Data for this exercise:
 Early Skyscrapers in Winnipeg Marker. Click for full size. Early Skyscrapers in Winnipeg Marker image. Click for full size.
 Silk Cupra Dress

--

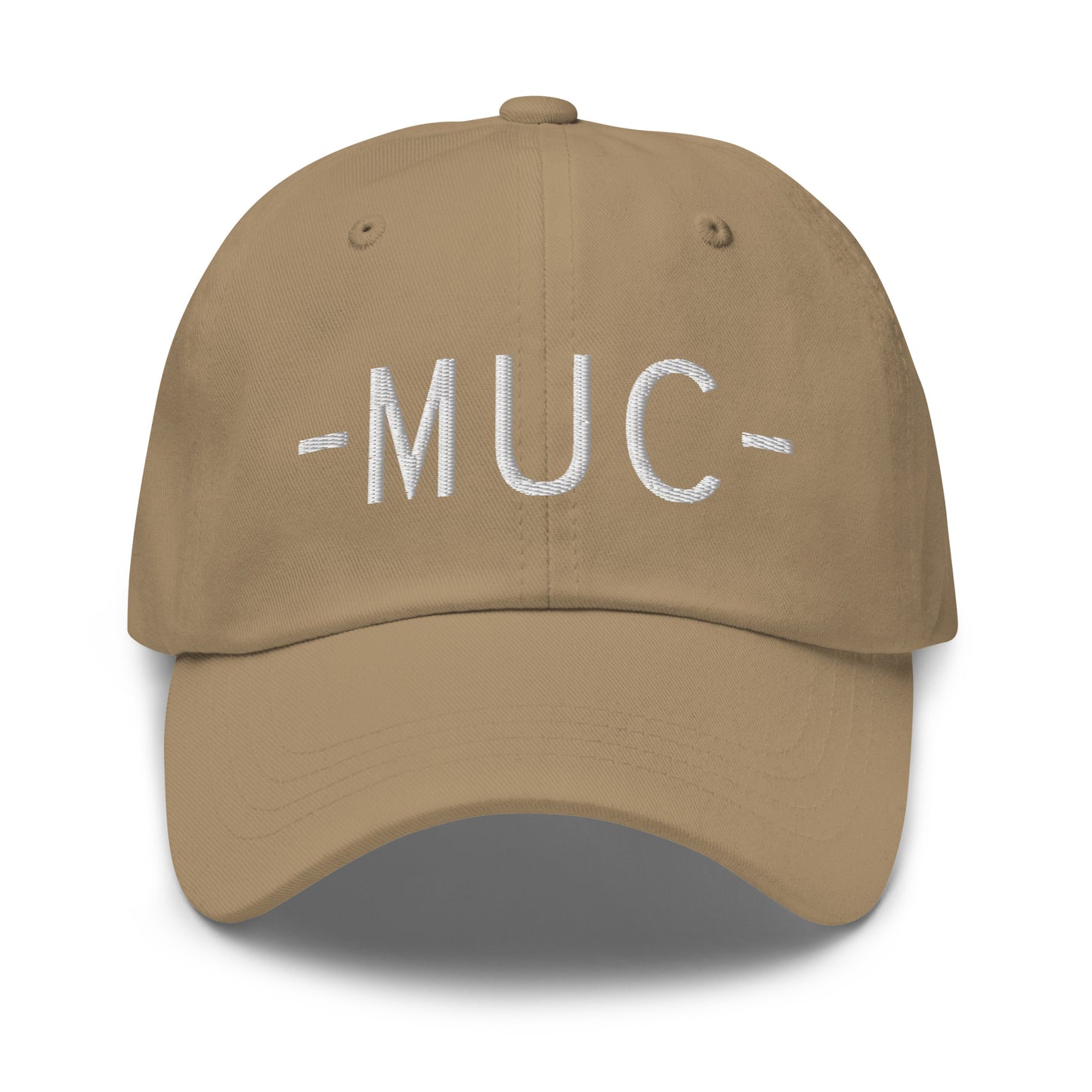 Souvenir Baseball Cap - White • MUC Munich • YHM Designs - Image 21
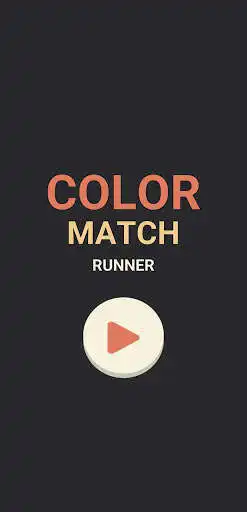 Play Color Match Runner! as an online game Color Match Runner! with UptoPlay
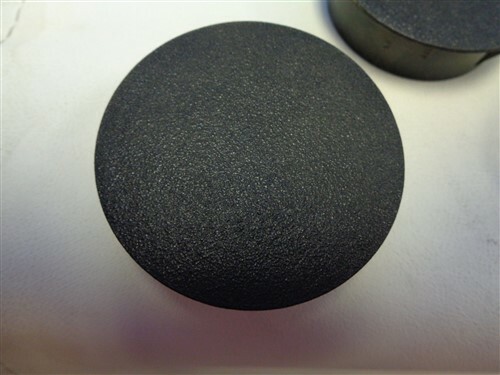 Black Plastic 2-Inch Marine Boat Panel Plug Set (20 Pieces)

Exercise goal:
Look above for the line with "Early Skyscrapers in Winnipeg Marker." and the line with "Silk Cupra Dress". Retype those two lines and every line between them exactly, adding nothing.

Response area:
 Early Skyscrapers in Winnipeg Marker. Click for full size. Early Skyscrapers in Winnipeg Marker image. Click for full size.
 Silk Cupra Dress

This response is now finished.